My son and his wife have just paid £25 to become members of the Labour Party. They, like me, are ardent Corbynistas, but although I have much respect for the man I feel both he and his supporters are living in cloud cuckoo land. Of course, I have an axe to grind: when I applied for temporary membership a year ago for the same purpose - that being to vote Corbyn, I was, in true Stalinist style, ‘purged’. I was not admitted to the Metro-centric ‘club’ and neither did I get my £3 back. That’s because I’m a socialist, and that’s the worst thing the Blairites need in their ranks, even though Cherie, high on breathing in the corporate atmosphere, still clutches her Louis Vuitton handbag and claims to be a “S*******t”. And now you can’t even call anyone a ‘Blairite’ - it’s forbidden.
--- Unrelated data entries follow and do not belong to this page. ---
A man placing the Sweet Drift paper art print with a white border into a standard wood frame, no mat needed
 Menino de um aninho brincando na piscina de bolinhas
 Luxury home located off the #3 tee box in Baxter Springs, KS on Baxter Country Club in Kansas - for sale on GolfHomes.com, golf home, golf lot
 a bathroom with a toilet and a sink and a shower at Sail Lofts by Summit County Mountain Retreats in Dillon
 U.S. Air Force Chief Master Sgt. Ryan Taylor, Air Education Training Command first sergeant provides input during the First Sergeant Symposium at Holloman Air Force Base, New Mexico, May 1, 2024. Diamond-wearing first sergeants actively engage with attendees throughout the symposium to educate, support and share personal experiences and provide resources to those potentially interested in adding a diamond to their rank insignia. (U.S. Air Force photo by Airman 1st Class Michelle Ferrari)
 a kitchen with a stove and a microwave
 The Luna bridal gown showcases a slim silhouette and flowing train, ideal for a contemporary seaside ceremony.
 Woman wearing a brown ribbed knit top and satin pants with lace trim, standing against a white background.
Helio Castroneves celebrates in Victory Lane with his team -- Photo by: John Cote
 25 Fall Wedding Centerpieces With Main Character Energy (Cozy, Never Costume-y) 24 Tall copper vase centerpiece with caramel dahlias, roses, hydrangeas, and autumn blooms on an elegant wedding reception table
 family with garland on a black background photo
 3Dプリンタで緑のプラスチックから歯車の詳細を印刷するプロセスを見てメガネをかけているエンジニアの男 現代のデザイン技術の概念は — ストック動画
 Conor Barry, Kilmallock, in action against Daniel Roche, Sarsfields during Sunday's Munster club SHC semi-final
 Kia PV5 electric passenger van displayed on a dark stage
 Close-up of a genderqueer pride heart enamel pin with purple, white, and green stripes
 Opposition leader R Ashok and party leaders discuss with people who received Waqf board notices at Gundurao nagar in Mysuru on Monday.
So why am I so overcome with a sense of doom over the state of the Labour Party? Where to begin? Perhaps even their title needs changing. Apart from the odd exception in the PLP, very few of the smart-suited ardent global corporatist MPs have ever experienced ‘labour’ as many of us know it. They may have pruned a few red roses or turned over their compost heap with a fork, but that’s about it. The fact that a few thousand members have recognised that Jeremy Corybyn’s politics are much closer to the ideals of their founder, Keir Hardie, (who he?) means little to the Westminster gang. They see the party as ‘their’ Labour Party, not the members, because they occupy those green benches, and that position is a meal ticket for all manner of fiscal possibilities. Consultancies, travel, TV appearances. Being an MP of any political hue is a terrific opportunity for self-aggrandisement. Does every Labour MP truly care about austerity? Do they really want to preserve and improve the NHS? Would they stand shoulder to shoulder to take back the railways into public ownership, sort out the Mickey Mouse utility companies, return the Royal Mail to its rightful owners, us, the people? Perhaps they might have believed in such programmes when they were campaigning for election. But the evidence is now that they don’t. And let’s face it, if you toe the line, don’t ruffle any feathers, even if you’re vaguely ‘working class’ like John Prescott, you could end up taking the ermine, joining the Lords and get your £300 per day attendance allowance, a sum many workers won’t earn in a week. And with ‘Lord’ in front of your name, the cash and the privileges just roll in.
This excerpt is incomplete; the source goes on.